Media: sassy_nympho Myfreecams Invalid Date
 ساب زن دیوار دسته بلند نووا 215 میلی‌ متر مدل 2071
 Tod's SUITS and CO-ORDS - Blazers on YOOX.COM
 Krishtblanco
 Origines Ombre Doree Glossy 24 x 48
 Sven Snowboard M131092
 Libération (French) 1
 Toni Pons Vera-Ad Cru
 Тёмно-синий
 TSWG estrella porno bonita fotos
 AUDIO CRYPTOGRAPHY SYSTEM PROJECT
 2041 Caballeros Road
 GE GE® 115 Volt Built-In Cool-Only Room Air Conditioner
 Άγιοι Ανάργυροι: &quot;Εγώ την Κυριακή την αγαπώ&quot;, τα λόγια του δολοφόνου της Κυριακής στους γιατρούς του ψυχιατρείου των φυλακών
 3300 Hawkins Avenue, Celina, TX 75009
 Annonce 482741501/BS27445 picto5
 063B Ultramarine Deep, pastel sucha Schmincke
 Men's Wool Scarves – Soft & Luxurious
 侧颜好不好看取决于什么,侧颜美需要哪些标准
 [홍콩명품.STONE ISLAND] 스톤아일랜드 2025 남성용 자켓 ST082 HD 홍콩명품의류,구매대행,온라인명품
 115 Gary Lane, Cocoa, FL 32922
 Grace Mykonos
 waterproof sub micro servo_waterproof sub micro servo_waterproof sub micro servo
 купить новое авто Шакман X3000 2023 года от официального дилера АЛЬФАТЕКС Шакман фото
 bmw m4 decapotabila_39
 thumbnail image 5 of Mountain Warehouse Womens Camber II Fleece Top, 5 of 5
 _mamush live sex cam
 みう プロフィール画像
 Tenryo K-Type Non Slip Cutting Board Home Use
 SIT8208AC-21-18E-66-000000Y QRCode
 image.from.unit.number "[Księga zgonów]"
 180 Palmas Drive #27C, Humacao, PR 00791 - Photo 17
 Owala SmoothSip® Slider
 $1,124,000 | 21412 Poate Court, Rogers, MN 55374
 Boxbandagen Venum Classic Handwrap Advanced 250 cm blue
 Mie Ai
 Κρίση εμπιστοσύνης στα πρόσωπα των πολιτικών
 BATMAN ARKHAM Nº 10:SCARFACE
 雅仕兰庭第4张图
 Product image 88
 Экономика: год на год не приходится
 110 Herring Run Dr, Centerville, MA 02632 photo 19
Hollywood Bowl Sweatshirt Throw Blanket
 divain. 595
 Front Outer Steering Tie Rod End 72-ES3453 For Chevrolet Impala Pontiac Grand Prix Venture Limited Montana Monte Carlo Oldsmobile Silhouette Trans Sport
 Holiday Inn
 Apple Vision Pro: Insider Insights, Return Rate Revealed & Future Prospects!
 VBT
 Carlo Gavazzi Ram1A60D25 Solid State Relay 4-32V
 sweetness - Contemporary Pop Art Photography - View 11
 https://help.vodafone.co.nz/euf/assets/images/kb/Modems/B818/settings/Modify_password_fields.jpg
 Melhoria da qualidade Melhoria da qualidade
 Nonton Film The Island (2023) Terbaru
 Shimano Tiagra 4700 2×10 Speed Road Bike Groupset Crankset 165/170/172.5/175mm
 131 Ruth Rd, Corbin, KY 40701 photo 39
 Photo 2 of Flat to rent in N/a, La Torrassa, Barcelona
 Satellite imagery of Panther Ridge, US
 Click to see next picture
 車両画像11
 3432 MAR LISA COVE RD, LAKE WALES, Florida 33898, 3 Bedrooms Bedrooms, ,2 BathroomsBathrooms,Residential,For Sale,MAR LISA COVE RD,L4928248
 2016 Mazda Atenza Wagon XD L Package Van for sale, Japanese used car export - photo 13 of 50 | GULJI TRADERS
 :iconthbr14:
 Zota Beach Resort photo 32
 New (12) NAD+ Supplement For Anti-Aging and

════════

Every line above from the line with "sweetness - Contemporary" to the line with "3432 MAR LISA" is wanted, ends included; write them out exactly and add no other line.

 sweetness - Contemporary Pop Art Photography - View 11
 https://help.vodafone.co.nz/euf/assets/images/kb/Modems/B818/settings/Modify_password_fields.jpg
 Melhoria da qualidade Melhoria da qualidade
 Nonton Film The Island (2023) Terbaru
 Shimano Tiagra 4700 2×10 Speed Road Bike Groupset Crankset 165/170/172.5/175mm
 131 Ruth Rd, Corbin, KY 40701 photo 39
 Photo 2 of Flat to rent in N/a, La Torrassa, Barcelona
 Satellite imagery of Panther Ridge, US
 Click to see next picture
 車両画像11
 3432 MAR LISA COVE RD, LAKE WALES, Florida 33898, 3 Bedrooms Bedrooms, ,2 BathroomsBathrooms,Residential,For Sale,MAR LISA COVE RD,L4928248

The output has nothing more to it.